§ What needs to be done:
Reproduce the lines below exactly, starting at the one containing "Photo of 938" and stopping at the final line.

Segment Start: Source data

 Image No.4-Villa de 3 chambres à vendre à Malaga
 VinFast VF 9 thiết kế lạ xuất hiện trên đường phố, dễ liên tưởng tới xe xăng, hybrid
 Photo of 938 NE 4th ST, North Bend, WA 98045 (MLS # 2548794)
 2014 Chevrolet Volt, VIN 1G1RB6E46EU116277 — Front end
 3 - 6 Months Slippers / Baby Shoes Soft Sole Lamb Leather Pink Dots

Segment End: Source data

§ Expected output:
 Photo of 938 NE 4th ST, North Bend, WA 98045 (MLS # 2548794)
 2014 Chevrolet Volt, VIN 1G1RB6E46EU116277 — Front end
 3 - 6 Months Slippers / Baby Shoes Soft Sole Lamb Leather Pink Dots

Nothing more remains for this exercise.